→ **WHAT IS EXPECTED**:
Please reproduce each of the entries below exactly as they appear.

Items from a data source
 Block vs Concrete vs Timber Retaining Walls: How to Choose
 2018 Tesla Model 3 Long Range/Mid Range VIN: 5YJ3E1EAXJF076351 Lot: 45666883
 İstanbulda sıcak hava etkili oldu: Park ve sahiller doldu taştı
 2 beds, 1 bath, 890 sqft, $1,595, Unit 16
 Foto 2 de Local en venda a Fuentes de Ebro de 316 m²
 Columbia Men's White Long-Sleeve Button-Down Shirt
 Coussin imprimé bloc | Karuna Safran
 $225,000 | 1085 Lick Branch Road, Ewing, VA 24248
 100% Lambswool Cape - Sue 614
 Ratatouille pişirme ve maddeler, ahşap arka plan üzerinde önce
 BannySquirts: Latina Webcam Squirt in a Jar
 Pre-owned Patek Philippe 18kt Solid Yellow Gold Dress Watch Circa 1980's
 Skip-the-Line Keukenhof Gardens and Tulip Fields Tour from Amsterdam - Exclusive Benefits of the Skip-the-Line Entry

→ **SOLVED PROBLEM**:
 Block vs Concrete vs Timber Retaining Walls: How to Choose
 2018 Tesla Model 3 Long Range/Mid Range VIN: 5YJ3E1EAXJF076351 Lot: 45666883
 İstanbulda sıcak hava etkili oldu: Park ve sahiller doldu taştı
 2 beds, 1 bath, 890 sqft, $1,595, Unit 16
 Foto 2 de Local en venda a Fuentes de Ebro de 316 m²
 Columbia Men's White Long-Sleeve Button-Down Shirt
 Coussin imprimé bloc | Karuna Safran
 $225,000 | 1085 Lick Branch Road, Ewing, VA 24248
 100% Lambswool Cape - Sue 614
 Ratatouille pişirme ve maddeler, ahşap arka plan üzerinde önce
 BannySquirts: Latina Webcam Squirt in a Jar
 Pre-owned Patek Philippe 18kt Solid Yellow Gold Dress Watch Circa 1980's
 Skip-the-Line Keukenhof Gardens and Tulip Fields Tour from Amsterdam - Exclusive Benefits of the Skip-the-Line Entry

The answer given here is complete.